People can fall anywhere on the alimony spectrum in terms of ability to become self-supporting. A young person without any child care responsibilities and a good education might be expected to become self-supporting faster than one who is middle aged with no education or work experience, but who devoted their prime working years to raising the parties’ children. The courts have a lot of flexibility to decide whether support is terminated or reduced after a period of time.
As spousal support is unique to the parties and their individual circumstances it is difficult to make general statements about alimony. If you are curious about what the Court considers in making a long term spousal support order, a good section of the Family Code to read is section 4320. That section of the California Family Code lists all of the things the Court should consider before awarding anyone long term spousal support. It’s pretty dry reading, but well worth the effort.

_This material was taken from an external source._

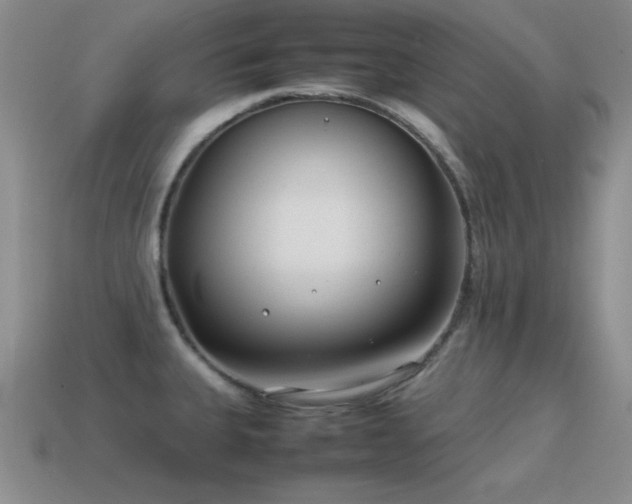 X0000115501335200911061319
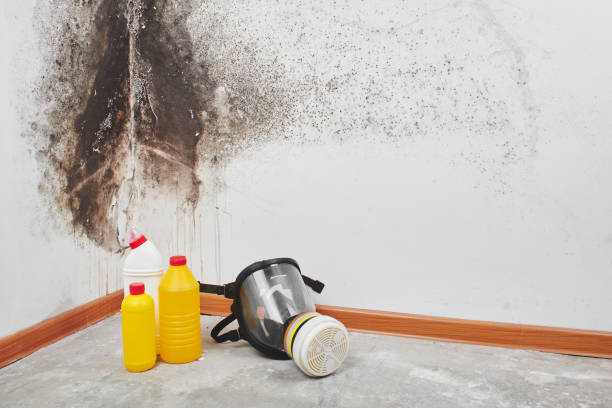 Best Residential Mold Remediation in Mill Neck, NY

One of the most troublesome issues in an Orange County divorce is what to do with the marital home. For many divorcing couples the family residence represents the family’s life savings in the form of equity built up in the house. Depending on the parties’ goals, there are many options to disposing of the community’s residence. If the parties have minor children and it is feasible for one party to live there with the children, the divorcing couple might consider a delayed sale order, also called a Duke order, until the parties’ children reach a certain age or until a certain event happens. For some people who are “upside down” on their mortgage and they are still hoping the market may recover enough to break even or turn a small profit, this might be an option to wait to sell the house a few years down the road. So long as the mortgage is paid and there is no risk of default, it may be prudent. It is a good idea to have contingency plans built into the judgment, just in case some unfortunate event puts the house at risk.
If you and your spouse cannot get along very amicably over the time period necessary for a delayed sale, then there is little alternative to either one party buying the other out of his or her equity position or simply selling the residence and dividing the net proceeds from sale equitably, if there is any equity left, that is. As is common these days, if your house has “negative equity,” you might consider a short sale or other method of leaving the house and, hopefully, the liability, behind you. In certain instances loans on real estate may be “non-recourse” and allow the purchasers to walk away from a bad investment. In these situations, it is a good idea to consult a real estate attorney before doing anything you may regret, fiscally speaking. Many of the laws dealing with short sales of family residences are due to sunset in 2012, if you are considering such an option, you had best consult an attorney qualified to advise you.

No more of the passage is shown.